These recent cases show that ID theft can rear its ugly head in our military and police forces—sometimes with soldiers and officers perpetrating the crimes.
Man charged with targeting fellow Marines for ID theft
A former Marine faces trial for allegedly stealing the identities of other Marines and walking away with more than $138,000, the Chicago Tribune reports.
Authorities say Leonard Parker Jr. obtained personal information about several Marines while he was stationed in Okinawa, Japan and then drained their bank accounts with co-defendant Dontreal Evans after returning to the US.
Parker is also charged with filing false tax returns in his own name and the names of three Marines. He was in the Marines for nearly four years until a bad-conduct discharge in June 2013 for theft and making a false statement.

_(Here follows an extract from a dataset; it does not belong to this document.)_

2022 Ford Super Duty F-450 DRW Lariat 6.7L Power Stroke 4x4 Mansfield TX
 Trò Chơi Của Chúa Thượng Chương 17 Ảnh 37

Army National Guard hit by data breach
The Army National Guard has suffered a data breach involving the personal information of more than 850,000 current and former members, according to the Army Times.
A contract employee unintentionally transferred files to an unapproved data center. The information dates back to 2004 and includes soldier names, Social Security numbers, dates of birth and addresses.
Officials don't believe the information was accessed by an outside party or used for fraud. However, the National Guard has established a help line and website to assist those affected in protecting their identities.
Former police officer charged with stealing identities
Identity theft charges are piling up against a former Alabama police officer, the Dothan Eagle reports.
Former officer Charles Thomas Simmer was arrested earlier this year for 18 identity theft-related charges. Additional charges were added after two more alleged victims came forward.
Investigators say victims include people who were in the military with Simmer.
Deputy police chief pleads guilty to hacking
A former Illinois deputy police chief pleaded guilty to hacking into the business email of his girlfriend's ex husband, according to the Daily Herald.
Robert Beeter faced 20 counts of identity theft and misconduct, which were dropped in exchange for the guilty plea. He was sentenced to two years probation, 50 hours of community service and $1,140 in court fees and fines. Beeter, his girlfriend and her ex-husband were all members of the same police force.
If Beeter violates probation, he could receive up to seven years in prison.